Dietro l’ira si nascondono le nostre paure

Esistono emozioni sgradevoli, come l’ira e la rabbia, che celano messaggi rivelatori. Queste emozioni rivelano una parte profonda della nostra anima: le paure che non siamo in grado di riconoscere ed accettare.

Perché non vogliamo riconoscere le nostre paure? Le trappole dei nostri pensieri ci spingono a cadere, più volte, nella rabbia, nell’ira e nel malessere. Finiamo così alla mercé dei nostri pensieri, poiché realizziamo un’analisi consapevole, ma superficiale, delle nostre paure.

Viviamo sotto una pressione sociale in cui le paure sono sinonimo di vulnerabilità e debolezza. Abbiamo questa convinzione che ci porta a sotterrare le nostre paure nel nostro subconscio. Le mascheriamo con attacchi di ira dinanzi a situazioni che sfuggono al nostro controllo, che fanno parte dei nostri timori maggiori.

È più facile farsi prendere dall’ira che riconoscere le proprie paure

Siamo più abituati a vedere le persone arrabbiarsi e farsi prendere dall’ira che in grado di riconoscere le proprie paure. Ci ostiniamo sull’ira, manifestandola verso noi stessi (producendo risposte psicosomatiche) oppure esternandola. Nel secondo caso, la proiettiamo verso gli altri basandoci sulla convinzione che è stata un’altra persona o una situazione che ci ha fatto provare tanta rabbia da trasformarla in ira.

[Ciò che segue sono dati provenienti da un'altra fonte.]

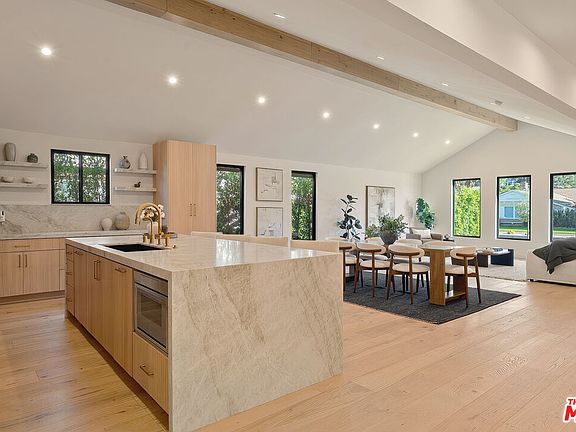 3rd image of 13949 Cumpston St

Tuttavia, gestire l’ira non risulta semplice, anche se abbiamo maggiore familiarità con essa che con la paura. Si trova ad un livello più superficiale e per questo in essa si nascondono altri problemi, quelli con cui non abbiamo fatto i conti o che non siamo pronti ad affrontare.

Di certo avrete conosciuto persone sempre arrabbiate, come se questa ira fosse parte del loro carattere; tuttavia, dietro questo atteggiamento, vi sono molti motivi che lo alimentano. L’ira è solo la punta dell’iceberg, quella visibile. 

I nostri timori irrisolti si trasformano in ira e possiamo rimanere in questo stato per molto tempo se non siamo disposti ad analizzarne le radici.
ragazza arrabbiata con fumo che esce dalle orecchie

Quando reprimiamo la nostra rabbia

Quando la rabbia si presenta nelle nostre vite e non ne comprendiamo la causa, iniziamo a pensare di continuo all’accaduto, intellettualizziamo l’emozione e finiamo per vietarci di provare rabbia e dolore. 

Non comprendiamo certe reazioni iraconde, in molte occasioni le consideriamo sproporzionate, ingiustificate e senza senso. Tendiamo a giudicare quello che proviamo con la pretesa di rifiutarlo. Lo priviamo di valore e lo conserviamo nella nostra cantina interiore. Quel che è certo è che questo sentimento si presenta per un motivo ancora più profondo e, così facendo, ci priviamo della possibilità di comprendere e risolvere tale motivo.

La nostra solita tendenza è di separare la mente dalle emozioni, lasciando che sia la mente ad avere il compito di placare quello che proviamo, dimenticandoci del nostro corpo e dei nostri sentimenti.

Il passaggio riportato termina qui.